Cross-posted from the Simon Institute Blog.

Concerns about AI ethics — the harms AI causes due to imperfect development and training — are sometimes pegged against concerns about AI safety — the risk that AI development could lead to the loss of human control. Luckily, a collaborative approach to addressing these interconnected risks is easily found.

AI ethics is a field that seeks to create fair and accountable AI systems by addressing bias, discrimination, privacy, and transparency concerns with present-day AI systems. AI Safety is a field that focuses on mitigating the potential risks associated with frontier AI systems by researching how to create safe and secure AI systems aligned with human interests and values.

Among policymakers, academics, and the public, the discussion can appear monopolized by those at the extreme of either side, who dismiss the concerns of the other as mere distractions. However, this perspective is not universal. Many in these communities acknowledge and appreciate that AI ethics and AI safety are fundamentally interconnected.

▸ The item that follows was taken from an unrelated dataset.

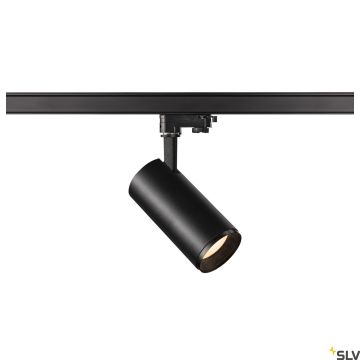 SLV 3~ NUMINOS® PHASE M 1004180 Projecteur sur rail 1x20.1W/LED 3000K 1880LM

At its core, AI ethics and AI safety share the common goal of ensuring that AI works for the benefit of all of humanity. There is a consensus that current AI systems can cause real harm, and that these harms might not always result from human misuse or inherent agency within the AI systems, but rather from poorly designed systems. The trend to build more and more advanced systems without a coordinated policy response to current ones could result in worse societal outcomes.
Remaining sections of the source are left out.